2011年6月22日(水) ifc.24 ~音心伝心~
久しぶりの閑話更新です。皆さま、お元気でしょうか。
さて、昨日はサントリーホールへ、ダニエル・ハーディング指揮、新日本フィルハーモニー交響楽団による、マーラー『交響曲第5番嬰ハ短調』を聴きに行きました。
この演奏会は東日本大震災の影響で中止となった定期演奏会の代替公演として行われたもので、本来のプログラムを一部変更して、マーラーの前にエルガーのエニグマ変奏曲より第9変奏が演奏されました。
この演奏は、震災で亡くなられた方への追悼として行われ、演奏後の拍手は事前に辞退、代わりに演奏終了から暫くの間、会場にいる全員が演奏を終えたときのそのままの姿勢で沈黙を保ち、被災地への祈りを捧げました。
この演奏に続くマーラーの5番も、激しくドラマティックなマーラーというよりは、全体として優しくソフトな緊張感に包まれた美しいマーラーで、被災地への祈りは全てのプログラムを通して捧げられていたように思います。

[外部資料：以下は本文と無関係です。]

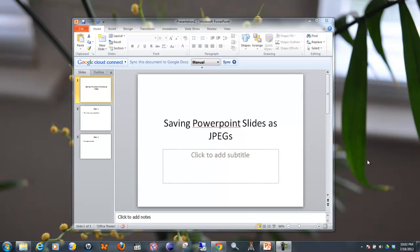In this video I'm going to show you how to save PowerPoint slides into individual JPEG files. In this example I've got a simple PowerPoint slide with three pages.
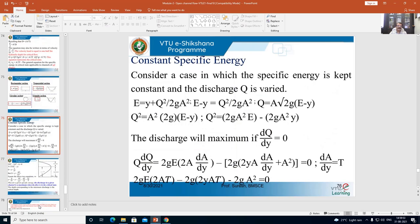The next topic is constant specific energy. In the earlier cases, we assumed the discharge Q flowing in the channel is constant. Now, in this case, we assume the specific energy is constant while the discharge is varied. Consider a case in which specific energy is kept constant and the discharge is varied.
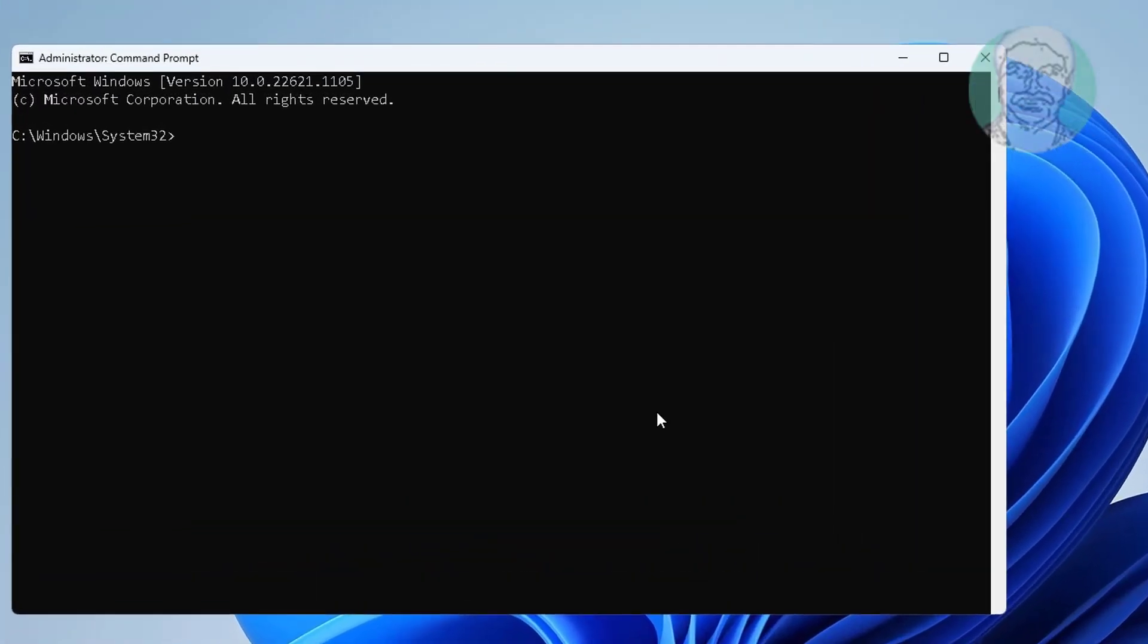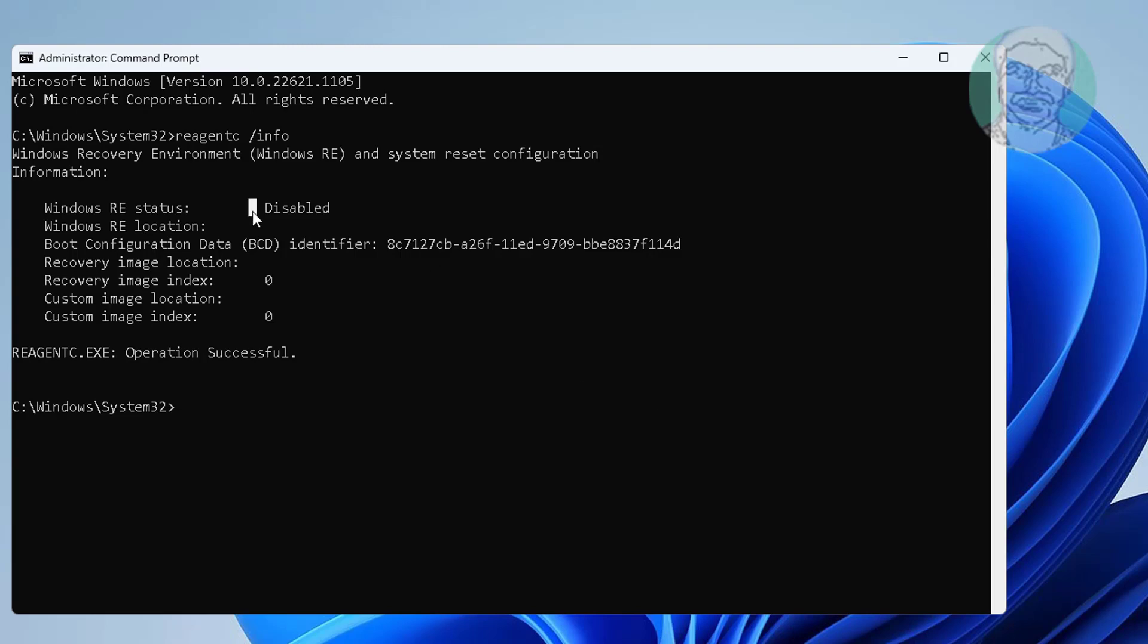Type reagentc space slash info. Type reagentc space slash enable.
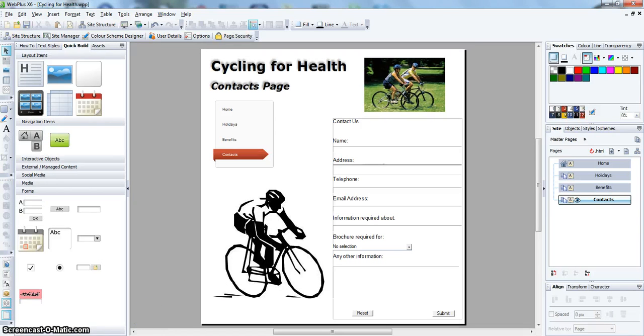In the last video, number seven, we will publish the website.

プログラム終了後に客席からロビーへ出ると、そこには自ら募金箱を抱えた指揮者ハーディングの姿が。ハーディングは震災当日も会場にいるお客さまのために、演奏会を中止せずに敢行したそうです。この若くてハンサムでスマートな才能溢れる指揮者の、熱い思いを至る所に感じた今回の演奏会でした。